O agora setentão Nelson Motta diz que a trilha de novela ganhou status definitivo com o sucesso da trilha de Véu de Noiva (1969) com o mega sucesso que dá nome ao livro, Teletema, de  Antônio Adolfo e Tibério Gaspar, cantado por Regininha, da Turma da Pilantragem (regravado pelo Kid Abelha em 2000 no CD Coleção).

O presidente da Som Livre, João Araújo, teve a ideia de fazer também uma trilha internacional para cada novela, o que se tornou um filão de ouro para a gravadora, com vendagens superiores às das trilhas nacionais com canções que tiveram aqui sucesso infinitamente maior do que nos países de origem, como Skyline Pigeon, de Elton John, e Rock and Roll Lullaby, do obscuro B.J.Thomas. Estas duas da novela Selva de Pedra, de 1972, com vendagem de 949,3 mil cópias, contra 359 mil da versão nacional. O recorde pertence ao álbum internacional de O Salvador da Pátria, de 1989, com artistas populares como Rick Astley, Phil Collins, Whitney Houston e Bon Jovi: 1,4 milhão de cópias.

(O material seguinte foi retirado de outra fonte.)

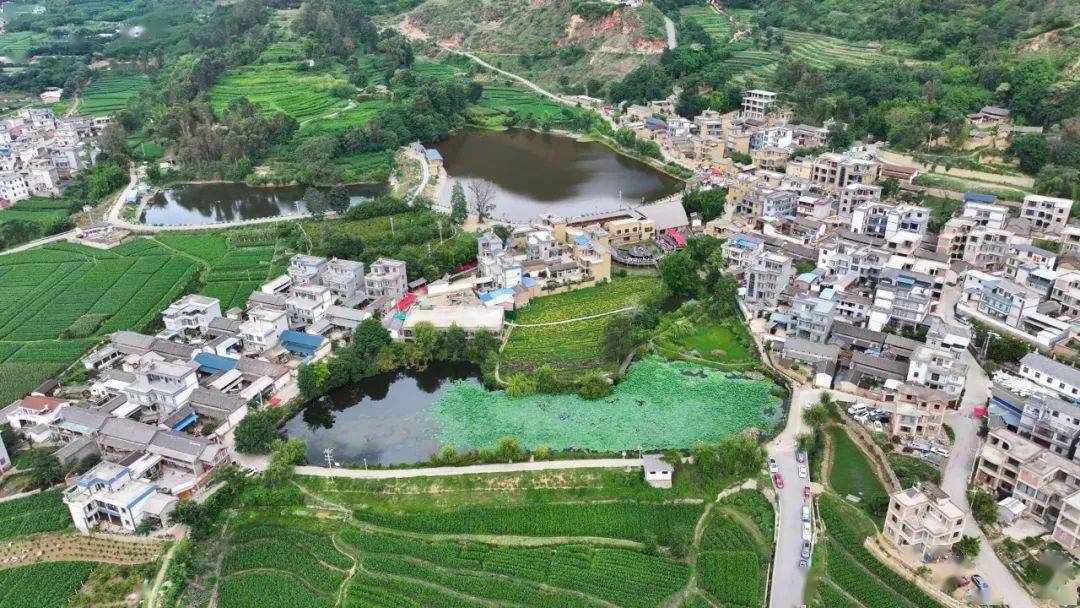古城村_弥渡_谷女寺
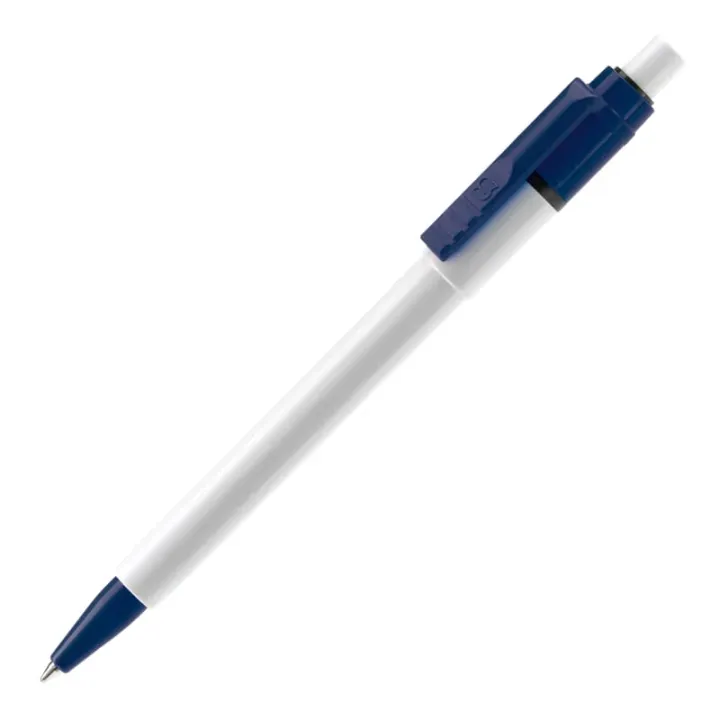 Długopis Baron Colour nieprzezroczysty - LT80900 (N0110)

As altas vendagens das trilhas criava um dilema no caso dos artistas nacionais. Como as canções das novelas acabavam indo pra rádios, o artista que cedia um fonograma para a Som Livre nem sempre, ou quase nunca, conseguia vender seu próprio disco na proporção do sucesso que sua canção fazia. Isso porque o comprador preferia comprar a trilha da novela onde estavam as músicas badaladas na telinha e nas rádios. Para estourar tinha que estar na novela, mas isso não garantia vendagem dos discos de carreira. Mas rendia direitos de execução e contratos para shows país a fora.

Em meados dos anos 90 entra em cena um novo protagonista, a internet, com potencial de grande agente de divulgação que acabou se concretizando em alguns casos, vencidas algumas barreiras como a qualidade do sinal e a disseminação do acesso, muito longe ainda do ideal. A internet não mexeu a fundo com a influência das novelas no mainstream, mas há casos como do grupo Sambô, que toca rock em ritmo de samba e chamou atenção pelos mais de 900 mil acessos de um clipe de Sunday Bloody Sunday, do U2. Os roqueiros espumam de raiva mas pegou. A web viabilizou a carreira de artistas e principalmente de bandas de rock que não tem acesso à grande midia, ou não tem mais, como o ex-Kid Abelha Leoni e o Biquini Cavadão, ambos da Geração 80, e bandas mais recentes como Detonautas Roque Clube (seu vocalista Tico Santacruz tem mais de um milhão de seguidores).A música no país das novelas dança conforme a Globo manda. Até quando. não sei. Um  dia, quem sabe, se concretize a profecia da canção oitentista do RPM: “No underground repousa o repúdio e deve despertar.”